Eka pun menjelaskan, kendati dalam pengelolaan dana desa sudah sesuai aturan tidak diperbolehkan melakukan pengadaan ataupun ganti rugi lahan, pihaknya belum mentela’ah sejauh itu. Karena, pihaknya hanya melakukan audit yang bakal menimbulkan kerugian negara. Jikapun nahti, apa yang dilakukan desa mneyalahi aturan yang lain, itu akan dilakukan pemeriksaan lanjutannya. Yang pasti, untuk saat ini pihaknya hanya mengaudit kerugian negara yang ditimbulkan oleh desa Tanjung raman yang tidak menyalurkan dana penyertaan modal ke Bumdes desa Tanjung Raman.
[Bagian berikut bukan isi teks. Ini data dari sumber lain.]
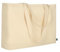 ELES VIDA® Baumwolltasche 48x36cm + 12cm Boden- & Seitenfalte PREMIUM OEKO-TEX® FAIRTRADE zertifiziert, Cityshopper, Stofftasche, Tragetasche, Baumwollbeutel, Einkaufstasche, Strandtasche, Handtasche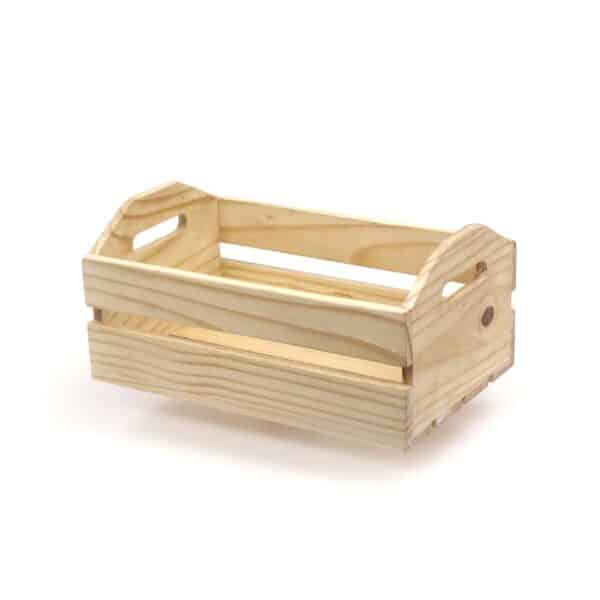 Arch Style Pine Wood Elegant Handle Tray 3
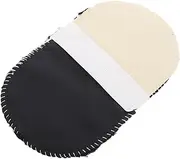 [Baluue] Plush Shoe Cleaning Glove Soft Reusable Polishing Cloth for PU Leather Shoes Car Interiors Shine Restoration Glove for Gentle Care Car Wash Accessories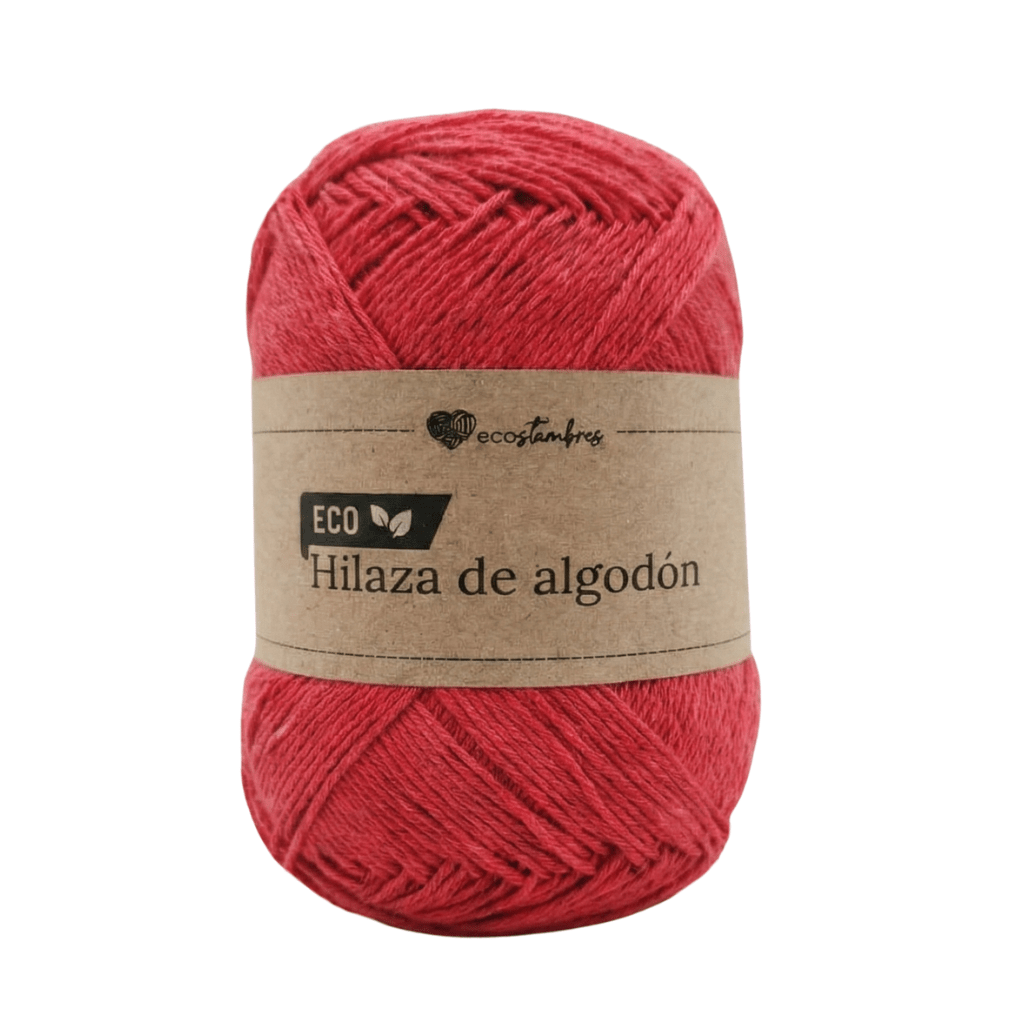 Hilaza de algodón ecológico 1mm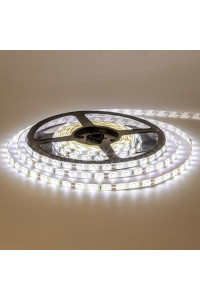 Led лента 12В белая Motoko smd2835 60LED/m IP65, 1м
“Soal larangan yang sudah diatur dalam pengelolaan dana desa, yang mana dana desa tidak diperbolehkan untuk ganti rugi ataupun pembebasan lahan, itu sudah lain permasalahan. Saat ini, kami fokus dana Bumdes yang tidak disalurkan itu harus di kembalikan. Dan saat ini, tidak sepenuhnya karena dananya digunakan untuk pembebasan lahan,” jelas Eka.

Eka pun lebih jauh menjelaskan, setelah dilakukan pemeriksaan lebih ajuh. Kades, diberikan wkatu selama 60 hari, untuk melakukan pengembalian kerugian negara yang telah dilakukan audit. Jika lebih dari 60 hari, dipastikan proses hukum akan berlanjut. Sementara itu, pihaknya hanya memberikan laporan hasil audit kepada Aparat Penegak Hukum (APH) yakbni Kejari BU,yang telah melakukan pengusutan dugaan korupsi Bumdes desa Tanjung Raman ini.

“Yang jelas, kita mengejar pengembalian dulu. Mengenai proses hukumnya akan lanjut atau tidak, itu silahkan ditanya ke penegak hukum yang terkait. Sekedar saya ingatkan, AD-ART Bumdes desa Tanjung Raman, yakni Pengembangbiakan Sapi, Simpan Pinjam dan Kolam Renang. Namun, kita menemukan pengembangbiakan sapinya tidak ada, dan dana itu sendiri tidak dikelola oleh pengurus Bumdes,” demikian Eka.

Menanggapi hal ini, Pihak DPMD Bengkulu Utara selaku pembina dan pengawasan terhadap pengelolaan dana desa hingga Bumdes, ketika dikonfirmais awak media hanya dapat menjawab no comment, karena kasus Bumdes desa Tanjung Raman diberitahukan telah di lakukan audit oleh pihak Inspektorat BU dan tengah diusut oleh APH Kejari Bengkulu Utara.

“No Commentlah soal itu, karena sudah ranahnya Inspektorat yang memprosesnya. Silahkan tanya kesana saja,” singkat Kepala DPMD BU Ir. Budi Sampurno melalui Kabid Pembangunan Pengembangan Ekonomi Desa Yos Sudarso.